• WHAT IS NEEDED
Your answer must be the exact lines of the listing below that run from the line with "engraved bottle openers in walnut" to the line with "Luau Aloha Hawaii", ends included, and no pictures.

=====

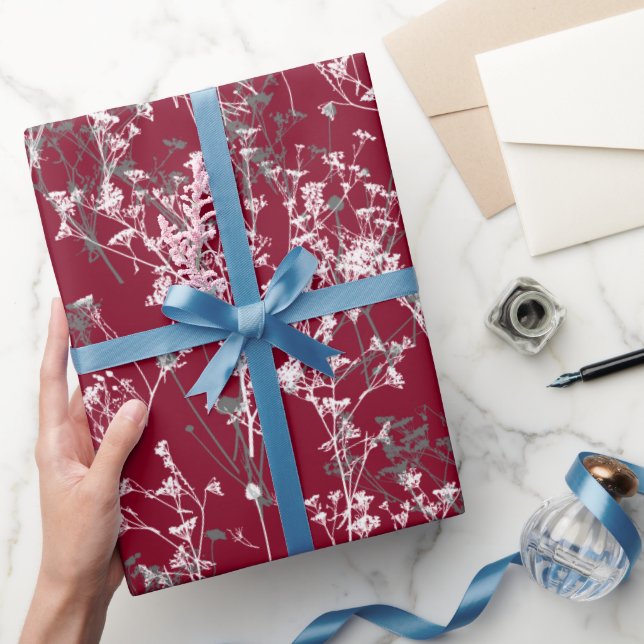 Modern Elegant Grey Wildflowers on Burgundy Red Wrapping Paper (Gifting)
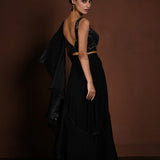 Black Party Wear Lehenga with Floral Motif Choli and Ruffle Dupatta - Anvi Couture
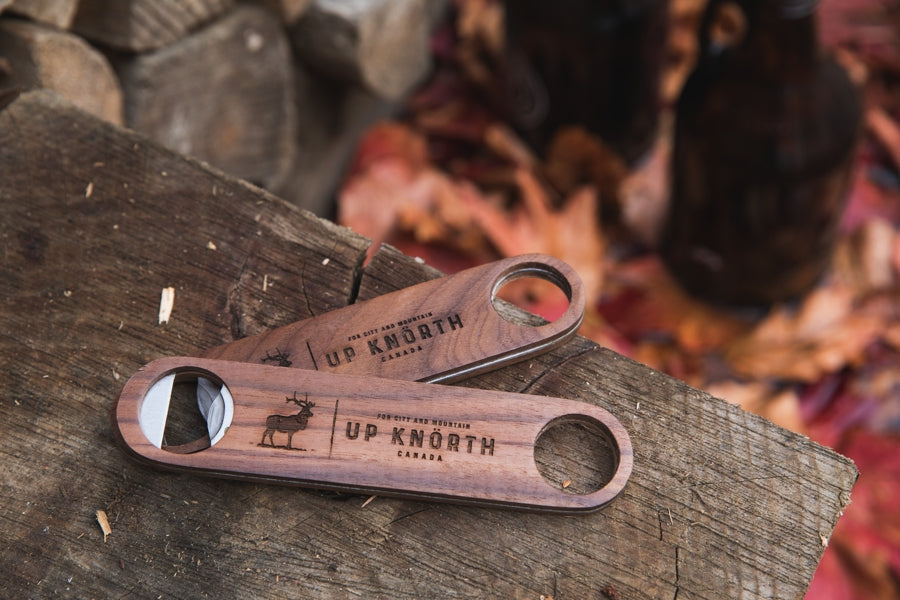 engraved bottle openers in walnut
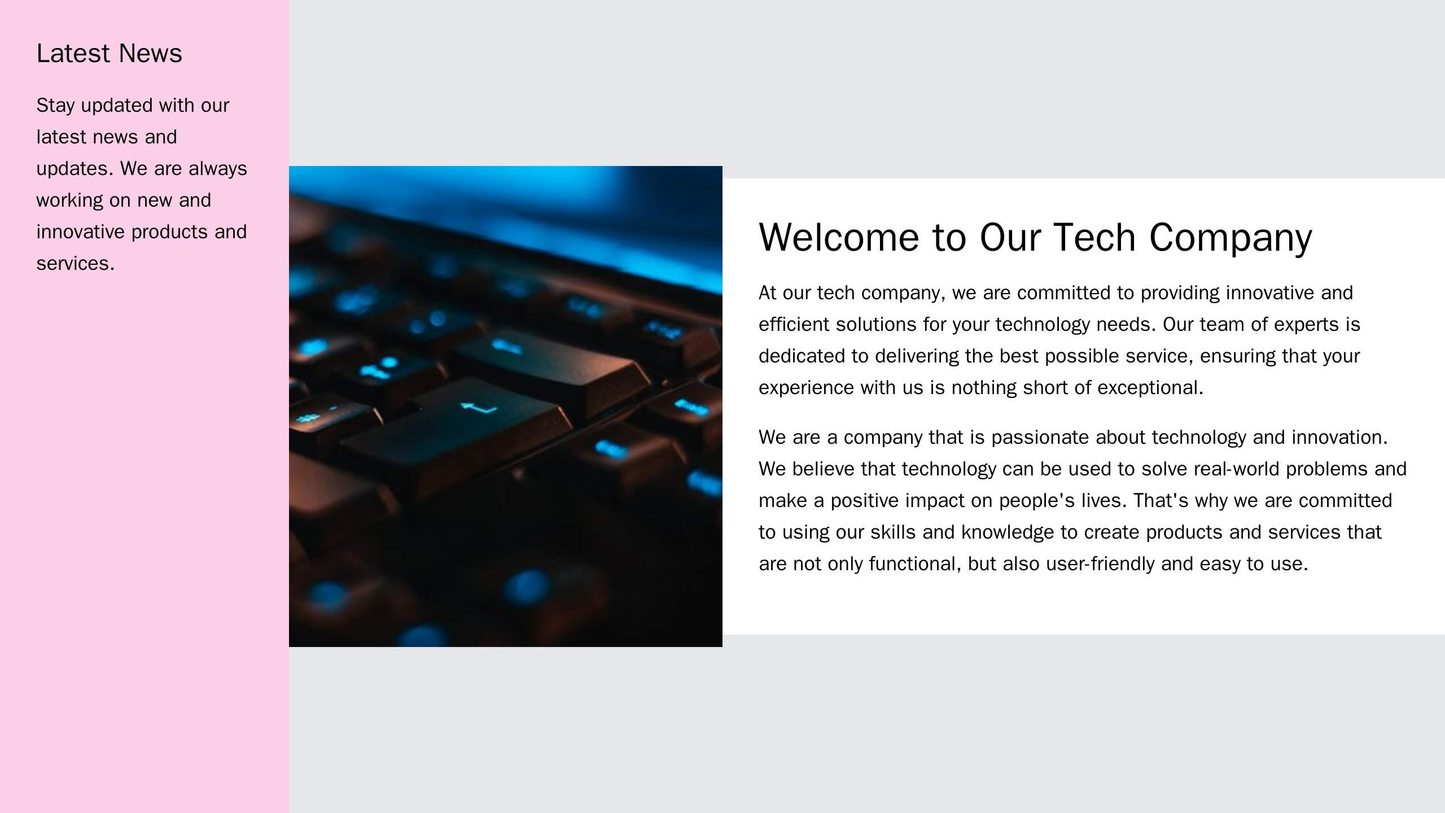 Tech Company: A minimalist design with a large, center-aligned hero image and a floating sidebar on the left showcasing Web Template 4959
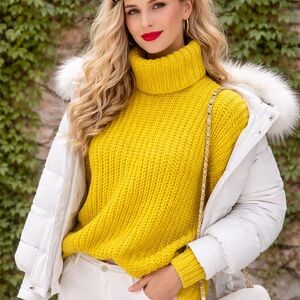 525 Chartreuse Chunky Rib Knit Turtleneck Sweater, S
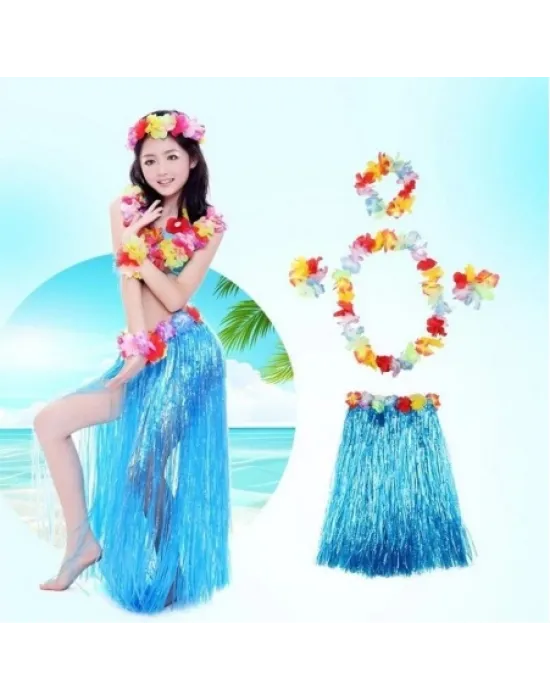 Luau Aloha Hawaii Partisi  Etek Taç Ve Bileklik Seti Mavi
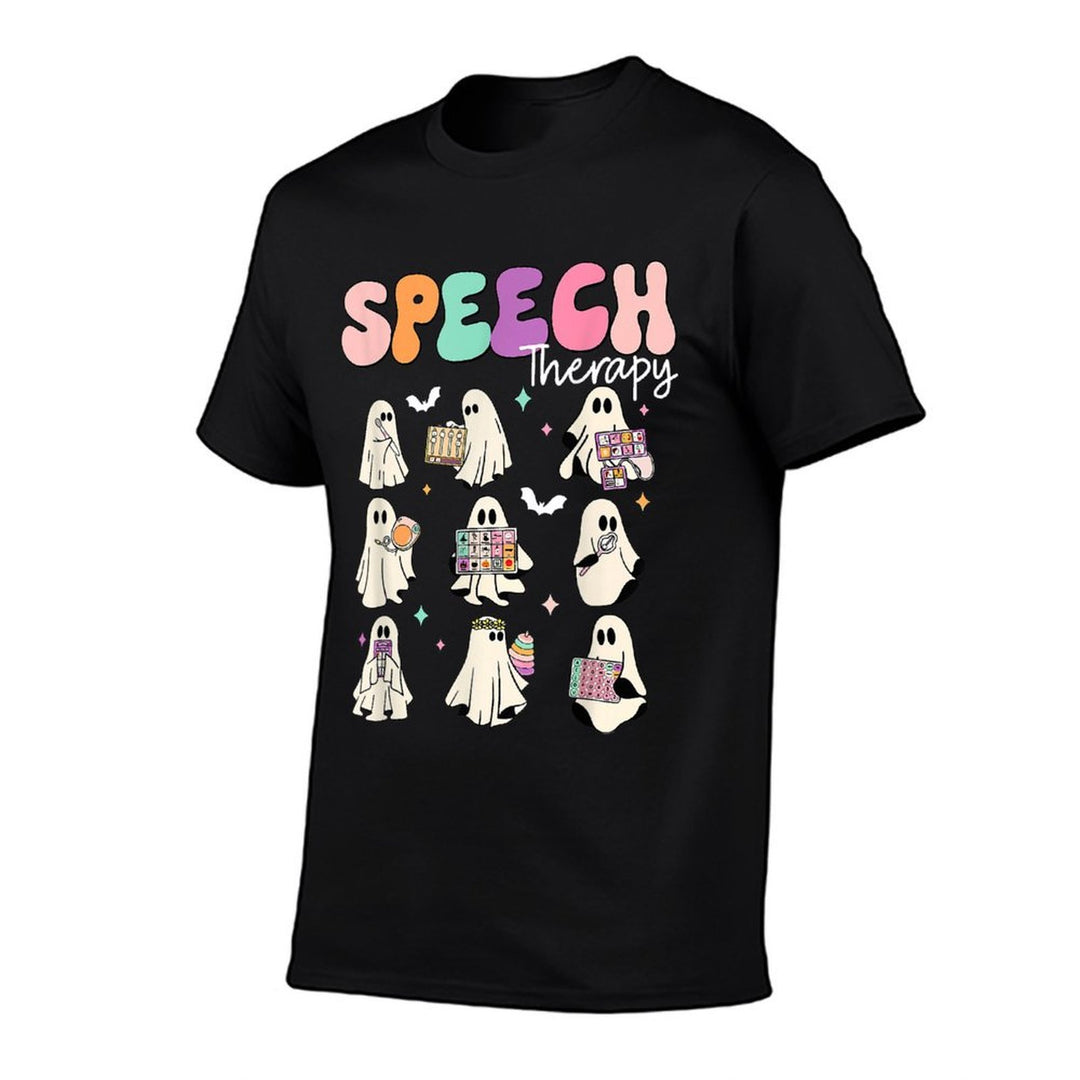 Retro SLP Ghost Halloween Speech Therapy Autumn Fall  Rolled Sleeves T-Shirt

=====

• YOUR RESPONSE
 engraved bottle openers in walnut
 Tech Company: A minimalist design with a large, center-aligned hero image and a floating sidebar on the left showcasing Web Template 4959
 525 Chartreuse Chunky Rib Knit Turtleneck Sweater, S
 Luau Aloha Hawaii Partisi  Etek Taç Ve Bileklik Seti Mavi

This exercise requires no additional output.